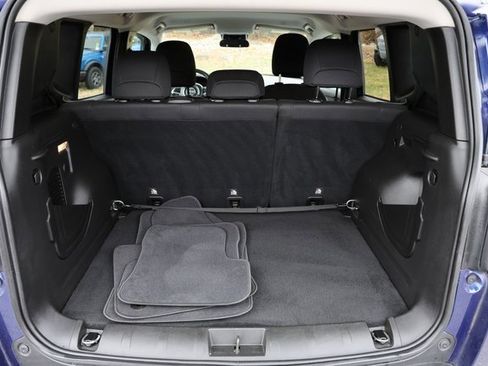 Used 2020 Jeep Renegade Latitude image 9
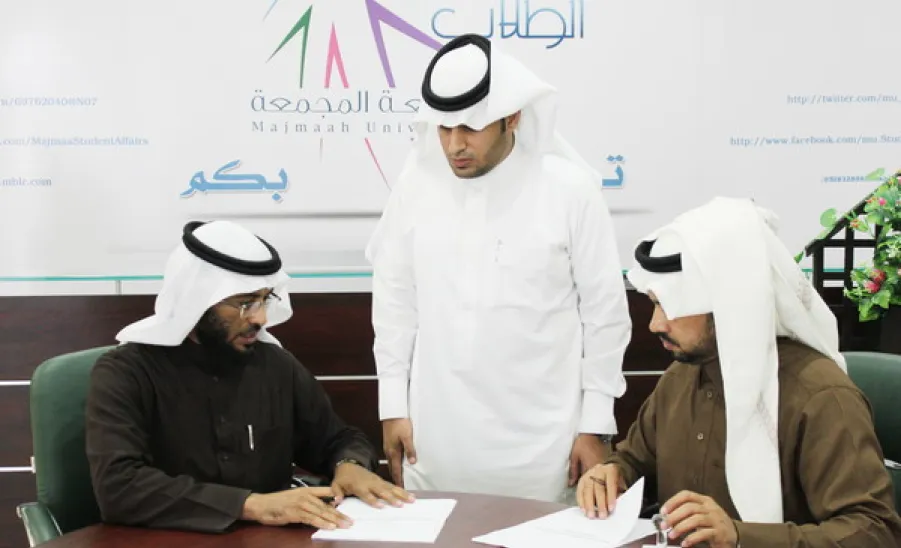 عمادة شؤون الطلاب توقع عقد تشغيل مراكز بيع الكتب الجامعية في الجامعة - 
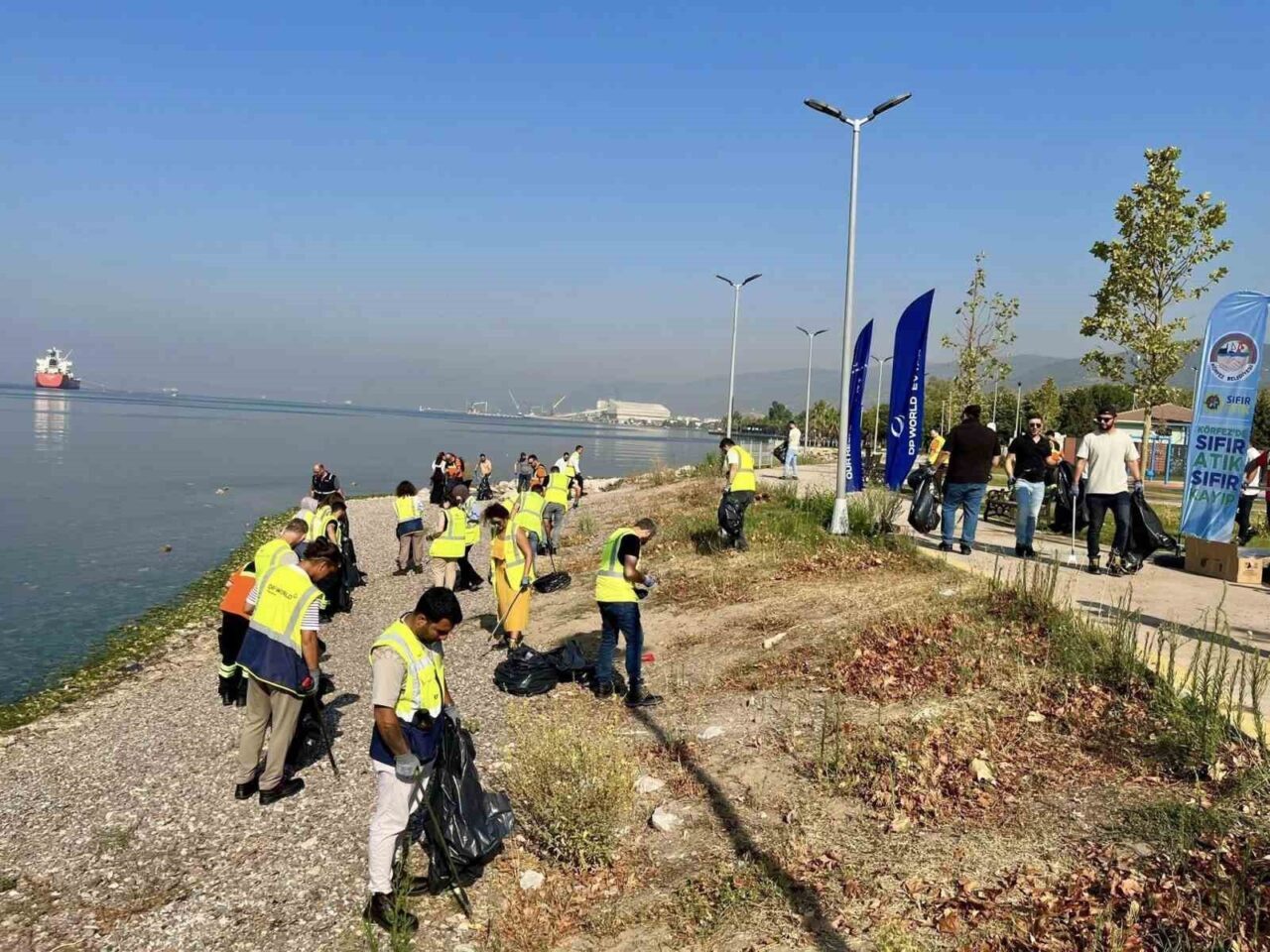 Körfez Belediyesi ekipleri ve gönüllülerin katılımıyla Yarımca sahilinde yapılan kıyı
━━━━━━
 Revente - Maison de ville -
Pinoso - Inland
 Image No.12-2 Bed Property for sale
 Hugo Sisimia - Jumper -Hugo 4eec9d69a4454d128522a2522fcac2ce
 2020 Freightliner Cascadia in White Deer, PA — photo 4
━━━━━━
● **Exercise requirements**
Leaving all pictures out, output exactly the lines of the material above from the line with "Used 2020 Jeep Renegade Latitude image 9" to the line with "Körfez Belediyesi ekipleri", both included.

● **Answer box**
 Used 2020 Jeep Renegade Latitude image 9
 عمادة شؤون الطلاب توقع عقد تشغيل مراكز بيع الكتب الجامعية في الجامعة - 
 Körfez Belediyesi ekipleri ve gönüllülerin katılımıyla Yarımca sahilinde yapılan kıyı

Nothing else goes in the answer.